In what is arguably an ethically controversial study, a team of scientists in China have inserted a gene involved in human brain development into the genomes of monkeys. In follow-up experiments, they tested whether the modified monkeys performed better than their control peers in cognitive tasks. The study is published in the journal National Science Review.
Scientists inserted the human gene MCPH1 into 11 rhesus monkeys, five of which survived long enough to have their mental abilities tested. According to the team’s findings, the transgenic monkeys did better on memory tests and reaction time trials compared to the non-gene-edited group.
In one such memory test, the monkeys were required to remember the color and shape of a stimulus that popped up on the screen for a specified amount of time. “Remarkably, our preliminary cognitive test detected an improved short-term memory in the [transgenic] monkeys,” wrote the team.
The monkeys’ brains did not differ in size compared to the control group, but they did take longer to develop. Brain image and tissue section analyses suggested that the transgenic monkeys were delayed in neuronal development and myelination – the process of membrane generation that wraps around nerve fibers to help speed up the transmission of nerve impulses. According to the team, this is similar to the developmental delay in humans called neoteny.
“One hallmark difference between humans and nonhuman primates is that humans require a much longer time to shape their neuro-networks during development, greatly elongating the childhood, i.e. the so-called 'neoteny,'” write the authors.
The research was conducted by the Chinese Academy of Sciences' Kunming Institute of Zoology in partnership with US scientists at the University of North Carolina.
The experiment has fueled flames in the ethics arena, garnering concern from some in the science community.
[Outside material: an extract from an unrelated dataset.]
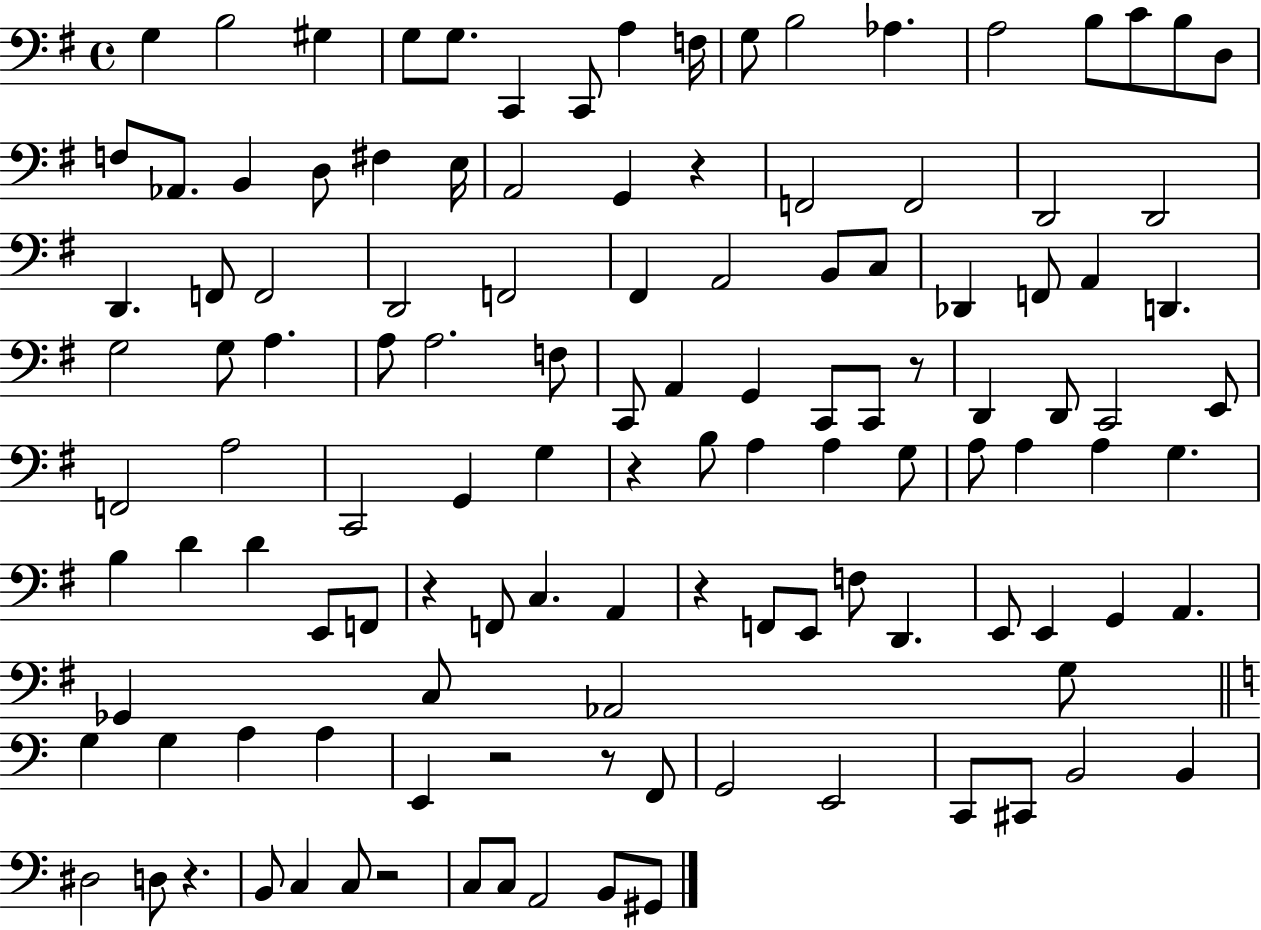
G3/q B3/h G#3/q G3/e G3/e. C2/q C2/e A3/q F3/s G3/e B3/h Ab3/q. A3/h B3/e C4/e B3/e D3/e F3/e Ab2/e. B2/q D3/e F#3/q E3/s A2/h G2/q R/q F2/h F2/h D2/h D2/h D2/q. F2/e F2/h D2/h F2/h F#2/q A2/h B2/e C3/e Db2/q F2/e A2/q D2/q. G3/h G3/e A3/q. A3/e A3/h. F3/e C2/e A2/q G2/q C2/e C2/e R/e D2/q D2/e C2/h E2/e F2/h A3/h C2/h G2/q G3/q R/q B3/e A3/q A3/q G3/e A3/e A3/q A3/q G3/q. B3/q D4/q D4/q E2/e F2/e R/q F2/e C3/q. A2/q R/q F2/e E2/e F3/e D2/q. E2/e E2/q G2/q A2/q. Gb2/q C3/e Ab2/h G3/e G3/q G3/q A3/q A3/q E2/q R/h R/e F2/e G2/h E2/h C2/e C#2/e B2/h B2/q D#3/h D3/e R/q. B2/e C3/q C3/e R/h C3/e C3/e A2/h B2/e G#2/e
Many countries would not allow such research to continue, stating that it crosses ethical boundaries.
"The first ethical issue concerns whether this research is scientifically sound enough to justify the use of animals," Jacqueline Glover, a University of Colorado bioethicist, told IFLScience. "Are the research methods able to answer the questions that the scientists are asking – if not – that's the first hard stop."
"The second issue concerns whether it is appropriate to use monkeys in particular. Can this research be done with alternatives that do not involve risks to nonhuman primates? Jim Sikela, a colleague at the University of Colorado, has pointed out that there are organoids available (i.e. modified cells in culture) from both humans and chimps that mimic many of the molecular/cellular characteristics of the brain. Groups are putting human genes in chimp brain oganoids as an alternative to using living primates for getting information about how human brain genes work."
While some have called the study a slippery slope in genetics research, others are less concerned.
“The genome of rhesus monkeys differs from ours by a few percent,” Larry Baum, a researcher at Hong Kong University's Centre for Genomic Sciences, told MIT Technology Review. "That’s millions of individual DNA bases differing between humans and monkeys.”
The study only changed a few of those bases in a gene of thousands. “You can decide for yourself whether there is anything to worry about.”
"Animal use guidelines vary across the globe but there is a shared commitment to only using animals if there is no alternative, using the least number of animals for scientific validity and using humane methods for research," added Glover. "This last requirement is particularly challenging in that creating humanized monkeys could, in itself, be inhumane because of the physical, psychological and social harms that it entails."
The team concluded: “Our findings demonstrated that transgenic nonhuman primates (excluding ape species) have the potential to provide important – and potentially unique – insights into basic questions of what actually makes humans unique as well as into disorders and clinically relevant phenotypes, such as neurodegenerative and social behavior disorders that are difficult to study by other means. But such gains must invariably be weighed against potential ethical concerns.”